### Recorded data

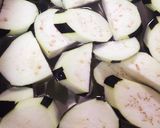 簡単☆なす焼き作り方1写真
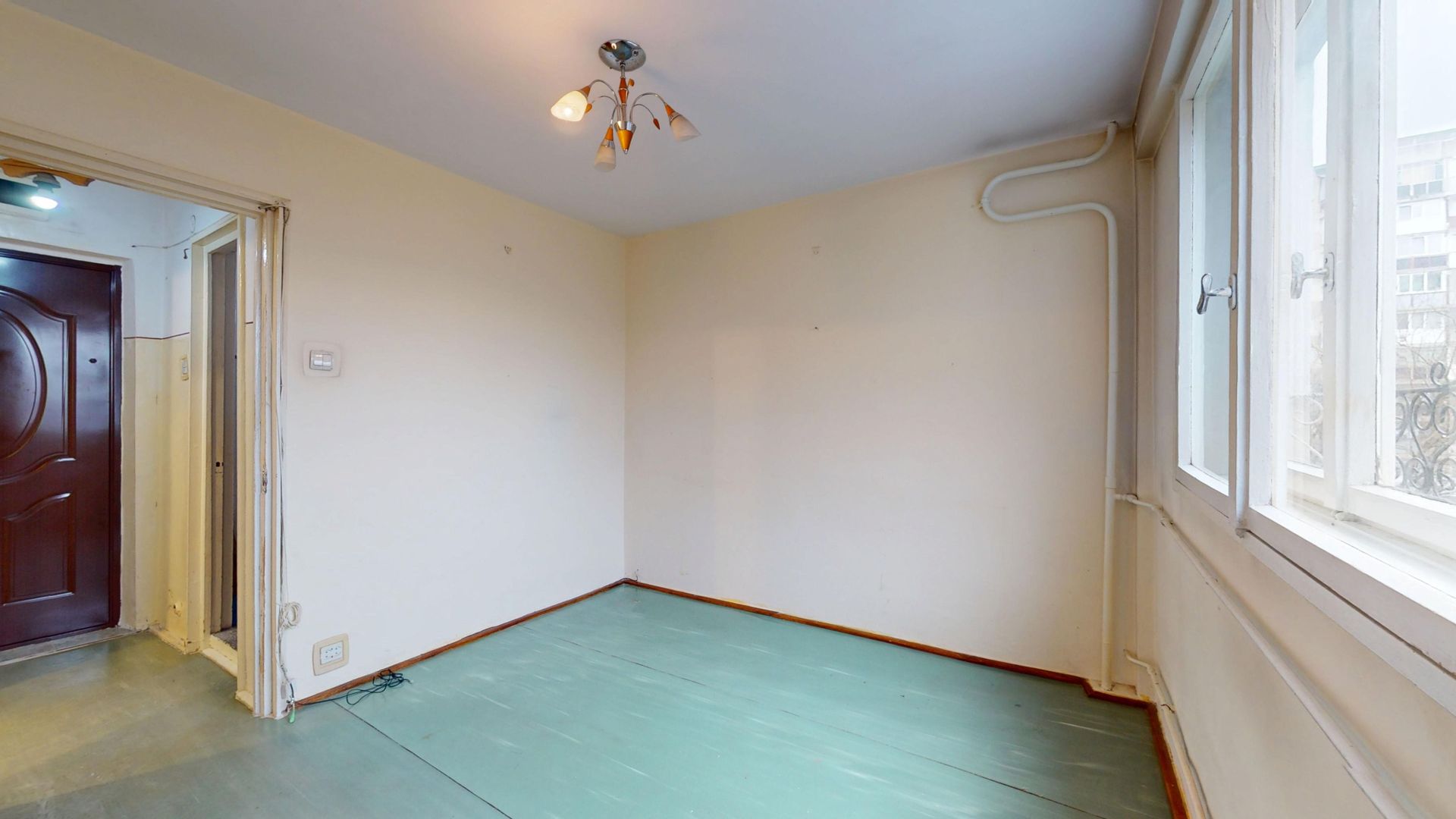 Apartament 2 camere – Aleea Baiut – Metrou Constantin Brancusi - Poză 4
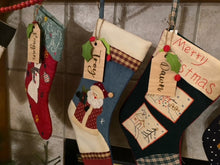 Load image into Gallery viewer, Laser wooden tags (block fonts)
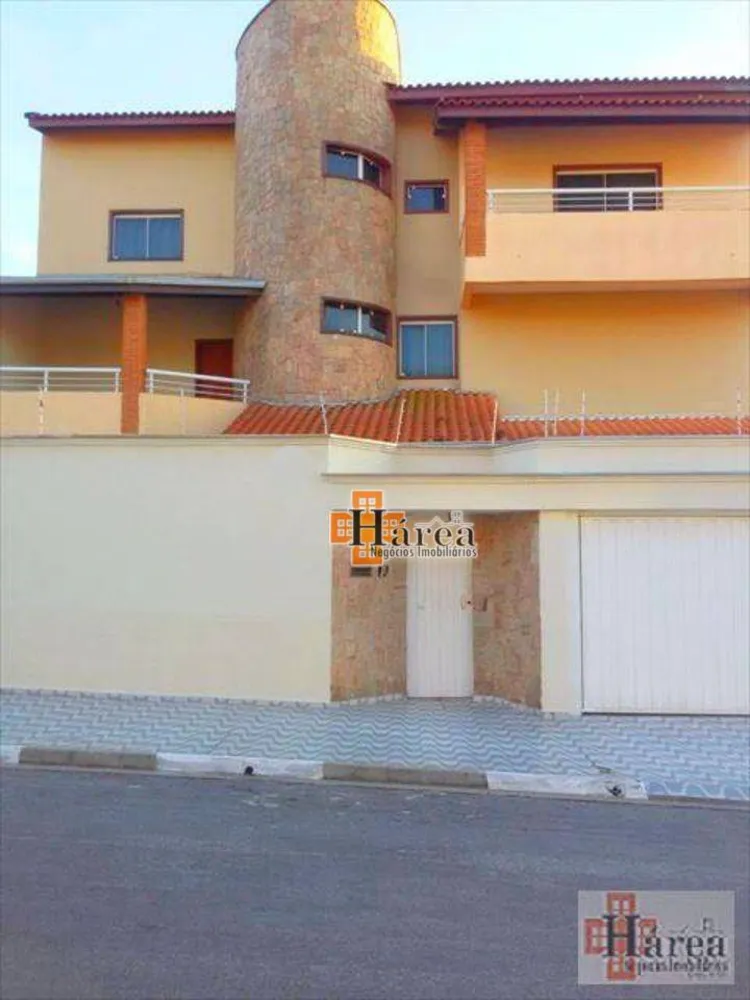 Sobrado, 4 quartos, 410 m² - Foto 5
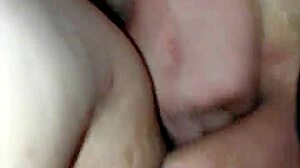 Home POV With Tattooed Girl And Big Cock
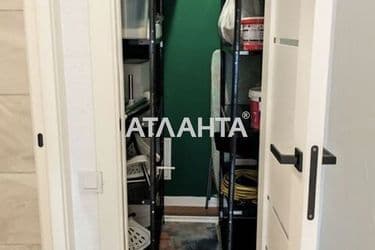 1-room apartment apartment by the address st. Balkovskaya Frunze (area 37 m²) - Atlanta.ua - photo 20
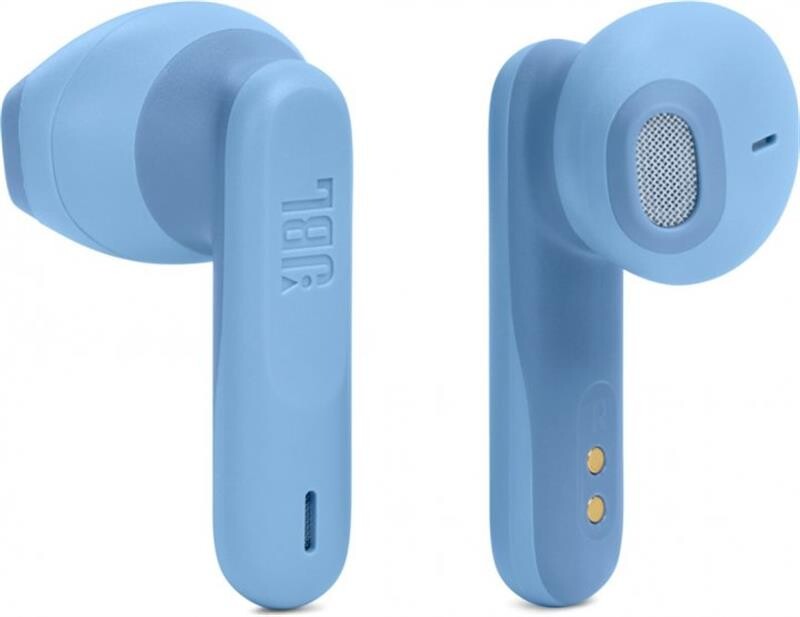 Bluetooth-гарнитура JBL Wave Flex Blue (JBLWFLEXBLU)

######

▶ _About this exercise_
Drop the pictures, then write out only the lines running from the one containing "Apartament 2 camere" through the last line above, both included, exactly.

▶ _Response to this exercise_
 Apartament 2 camere – Aleea Baiut – Metrou Constantin Brancusi - Poză 4
 Load image into Gallery viewer, Laser wooden tags (block fonts)
 Sobrado, 4 quartos, 410 m² - Foto 5
 Home POV With Tattooed Girl And Big Cock
 1-room apartment apartment by the address st. Balkovskaya Frunze (area 37 m²) - Atlanta.ua - photo 20
 Bluetooth-гарнитура JBL Wave Flex Blue (JBLWFLEXBLU)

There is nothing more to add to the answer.